Die hiergegen erhobene Klage hat das [X.] abgewiesen (Urteil vom [X.]). Auf die Berufung des [X.] hat das L[X.] - wie vom ihm beantragt - das erstinstanzliche Urteil geändert und den Herabsetzungsbescheid aufgehoben, soweit darin unter teilweiser Aufhebung des Bescheids vom 21.3.2011 ein GdB von weniger als 50 festgestellt worden ist (Urteil vom 25.11.2021). Der Herabsetzungsbescheid sei mangels hinreichender Bestimmtheit rechtswidrig. [X.] Bestandteil der Feststellung eines GdB sei der Zeitpunkt ihrer Wirksamkeit, weil dieser im Rechtsverkehr eine Dokumentationsfunktion gegenüber Dritten zukomme. Für den Adressaten und für Dritte müsse erkennbar sein, ab wann die Feststellung wirke. Nichts anderes gelte, wenn die Behörde die Rechtswirkungen entsprechender Feststellungen beseitigen wolle. Soweit der Beklagte angeordnet habe, die Herabsetzung gelte "ab Bekanntgabe", genüge der Bescheid diesen Anforderungen nicht.

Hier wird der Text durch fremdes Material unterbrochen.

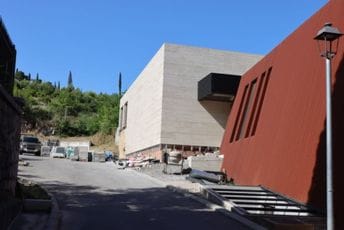 (VIDEO) Ivanović: Ovo nije ničija kuća, nego moja (VIDEO) Ivanović: Ovo nije ničija kuća, nego moja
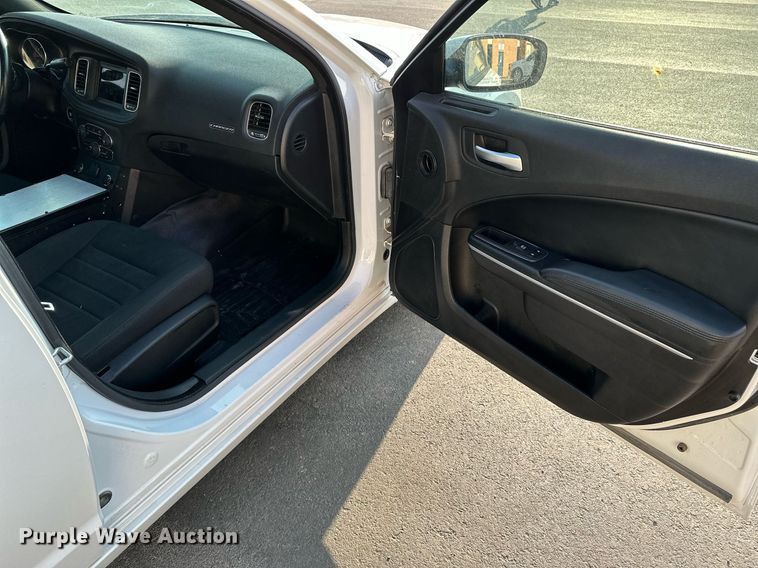 image for item NF9049 2019 Dodge Charger Police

Der Zeitpunkt, ab dem die Herabsetzung gelten solle, sei ungewiss. Er könne weder anhand der Vorschrift des § 37 Abs 2 Satz 1 [X.]B X noch durch Auslegung ermittelt werden. Unabhängig davon erweise sich der streitgegenständliche Bescheid bereits deshalb als zu unbestimmt, weil es dem Beklagte nicht gelungen sei, den Zeitpunkt der Bekanntgabe, an den er die materielle Herabsetzungsentscheidung geknüpft habe, nachzuweisen. Vor diesem Hintergrund könne es dahingestellt bleiben, ob die medizinischen Voraussetzungen für eine Herabsetzung des GdB vorgelegen hätten.

4

Mit seiner Revision rügt der Beklagte die Verletzung von § 33 Abs 1 [X.]B X. Der Zeitpunkt der Wirksamkeit der Herabsetzung lasse sich eindeutig durch Auslegung feststellen. Ein verständiger Empfänger müsse die Formulierung "ab Bekanntgabe" so verstehen, dass diese mit dem Zeitpunkt des Zugangs des Bescheids wirksam werden solle. Dieser Zeitpunkt sei für den Empfänger bestimmbar. Die Rechtsbehelfsbelehrung zur Berechnung der Widerspruchsfrist stelle darauf in gleicher Weise ab, ohne dass ein konkretes Datum benannt werden müsse. Wie der fristgemäß eingelegte Widerspruch belege, sei dem Kläger der Bescheid zugegangen; damit habe für ihn ein hinreichend bestimmter Zeitpunkt der Wirksamkeit festgestanden.

5

Der Beklagte beantragt,
das Urteil des [X.] vom 25. November 2021 aufzuheben und die Berufung des [X.] gegen das Urteil des [X.] vom 10. September 2019 zurückzuweisen.

6

Der Kläger beantragt,
die Revision zurückzuweisen.

7

Er bezieht sich auf die seiner Ansicht nach zutreffenden Gründe des angefochtenen L[X.]-Urteils.

Entscheidungsgründe

8

Die zulässige Revision des Beklagten ist iS der Aufhebung des Berufungsurteils und Zurückverweisung der Sache an das [X.] zur erneuten Verhandlung und Entscheidung begründet (§ 170 Abs 2 Satz 2 [X.]G).

9

A. Gegenstand des Revisionsverfahrens ist das Urteil des [X.], mit dem es auf die isolierte Anfechtungsklage (§ 54 Abs 1 Satz 1 Alt 1 [X.]G) des [X.] das Urteil des [X.] geändert und den [X.] des Beklagten vom 19.6.2017 in Gestalt des Widerspruchsbescheids vom 8.11.2017 (§ 95 [X.]G) aufgehoben hat, soweit darin unter teilweiser Aufhebung des Bescheids vom 21.3.2011 bei dem Kläger ein GdB von weniger als 50 festgestellt worden ist. Der [X.] kann mangels tatsächlicher Feststellungen des [X.] zu den gesundheitlichen Verhältnissen des [X.] nicht abschließend entscheiden, ob dies zu Recht erfolgt ist.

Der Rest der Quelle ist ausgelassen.